Count Antoni Jan Ostrowski (1782-1845) was a Polish noble (szlachcic), landowner, political and economic activist, general and publicist.

He became senator-castellan and member of the Sejm in the Kingdom of Poland (1815–1830). Founder of the city of Tomaszów Mazowiecki. During the November Uprising in 1830-1831, he was appointed general and commander of the National Guards (Gwardia Narodowa) in Warsaw.

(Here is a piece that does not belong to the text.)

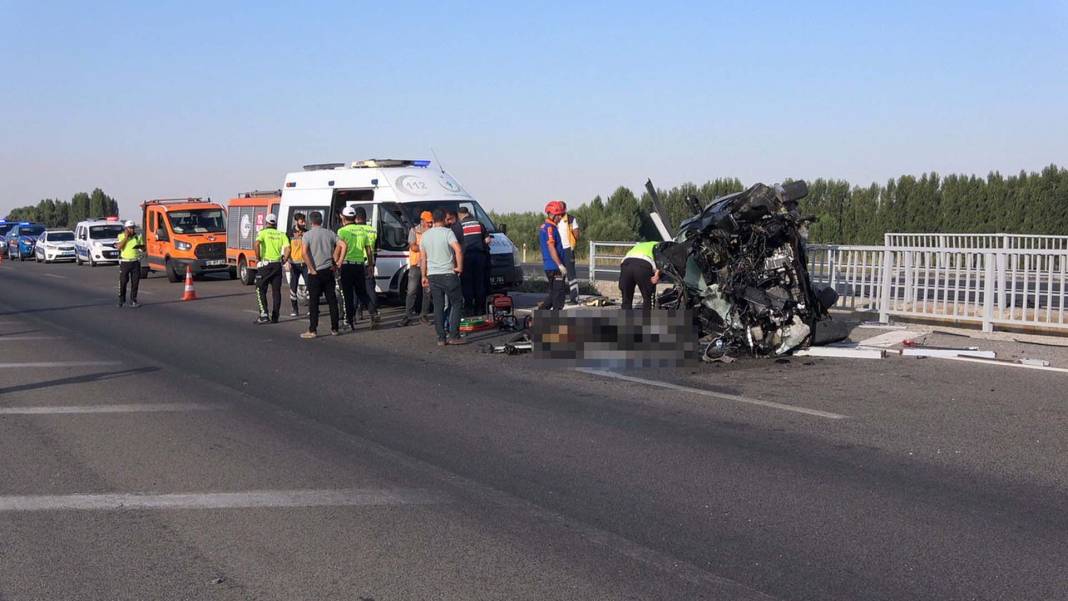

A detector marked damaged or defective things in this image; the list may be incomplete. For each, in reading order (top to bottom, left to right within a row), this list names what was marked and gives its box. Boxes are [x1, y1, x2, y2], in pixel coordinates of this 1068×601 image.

crashed car [652, 178, 836, 356]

After the collapse of the Uprising he emigrated to France.

==Works==
- Pomysły o potrzebie reformy towarzyskiej... (1834)
- Pamiętnik z czasów powstania listopadowego (1961)

== Useful bibliography ==
- Ryszard Kotewicz, Antoni Ostrowski 1782-1845, ziemianin, przemysłowiec, założyciel Tomaszowa Mazowieckiego [Antoni Ostrowski 1782-1845, landowner, industrialist, founder of Tomaszów Mazowiecki], Warszawa 1995 (book in Polish; it includes photos, bibliography).
- W. Zajewski, Ostrowski Antoni Jan, in: Polski Słownik Biograficzny [Polish Biographical Dictionary], vol. XXIV, Wrocław 1979, pp. 546–550 (biographical note in Polish).